Do you have any other thoughts on what expected behaviour should be in the unfortunate circumstance that socket endpoint is sending 409s?

gdhardy1 commented 2 weeks ago

The Slack tools, be it @slack/socket-mode or @slack/web-api, should be honouring any Retry-After headers in terms of reconnection attempts or rate limiting - are you not seeing that happen?

Not exactly. I believe there are two issues that lead to multiple retries being executed simultaneously.

Issue 1

When the socket connection fails with the 409 error, both the error and close events are emitted from the WebSocket

This leads to SocketModeClient calling delayReconnectAttempt twice for a single failure

the first at this.clientPingTimeoutMS * this.numOfConsecutiveReconnectionFailures and
the second at this.clientPingTimeoutMS * this.numOfConsecutiveReconnectionFailures + 1.

This happens because both the error and close event handlers call SocketModeClient.disconnect

To avoid this, SocketModeClient should check if a retry is pending before calling delayReconnectAttempt.

Issue 2

numOfConsecutiveReconnectionFailures is reset when apps.connections.open succeeds.

This can lead to retries being scheduled earlier than they should.

Consider the scenario where:

the socket connection fails and two retries are scheduled as described in Issue 1 then
the first retry starts but
- the apps.connections.open succeeds and
- numOfConsecutiveReconnectionFailures set to 0`
- the socket connection fails
  - two more retries scheduled

The retry timing will be:	Time (ms)	Event
0	`apps.connections.open` succeeds; socket connect fails
5000	Retry 1 starts; `apps.connections.open` succeeds; socket connection fails
10000	Retry 2 starts AND Retry 3 starts
15000	Retry 4 starts

You can replicate this by running the experiment with MAX_CALLS=4.

I suspect that either of following would be preferable:

resetting numOfConsecutiveReconnectionFailures only when the socket connection is actually established OR
having separate delayReconnectAttempt retry mechanisms for the apps.connections.open call and WebSocket connection failure modes

However, that might not be necessary as long as Issue 1 is addressed.

Answers to other follow up questions.

Do you happen to have any debug logs for the 429 response?

I wasn't able to capture debug level logs when I encountered this in production.

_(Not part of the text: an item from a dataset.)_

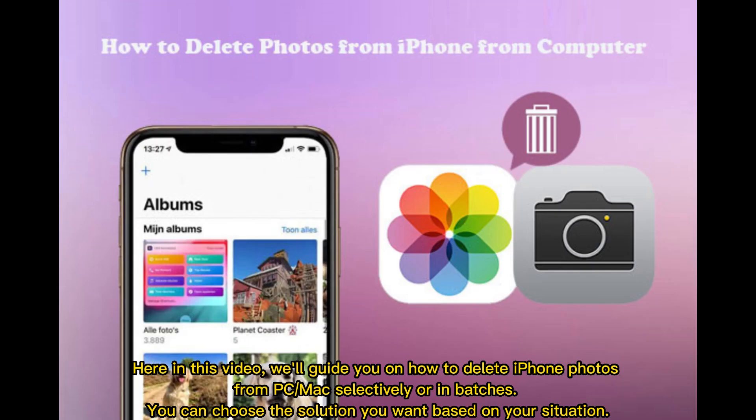Here in this video, we'll guide you on how to delete iPhone photos from PC or Mac selectively or in batches. You can choose the solution you want based on your situation.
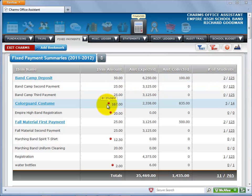Fixed payments with a red dot indicate a by-student fixed payment type. Remember that you can vary the quantities on these items, so the actual amount per student may vary.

But the reproduction experiment is pretty close if not identical I think.

If you did have access to any of the options you linked to, be it for socket-mode or bolt AppOptions or SocketModeReceiverOptions, would that help you in the short-term?

Actually, after trying, I don't think so. I thought setting autoReconnectEnabled to false in conjunction with rejectRateLimitedCalls on the WebClient might help me catch and implement my own retry logic but that seemed like more effort than just fixing the root problem

filmaj commented 2 weeks ago

Thanks for the analysis. I've moved this issue over to the node-slack-sdk (the home of the socket-mode client); will sift through everything you've posted and see if I can capture the issue as a test to help frame the discussion.

Separate issue: I think I will riff on your repro a bit to add Retry-After header responses to the apps.connections.open endpoint to see if retry handling works as expected. Will see what kind of responses that API raises in a rate limit scenario.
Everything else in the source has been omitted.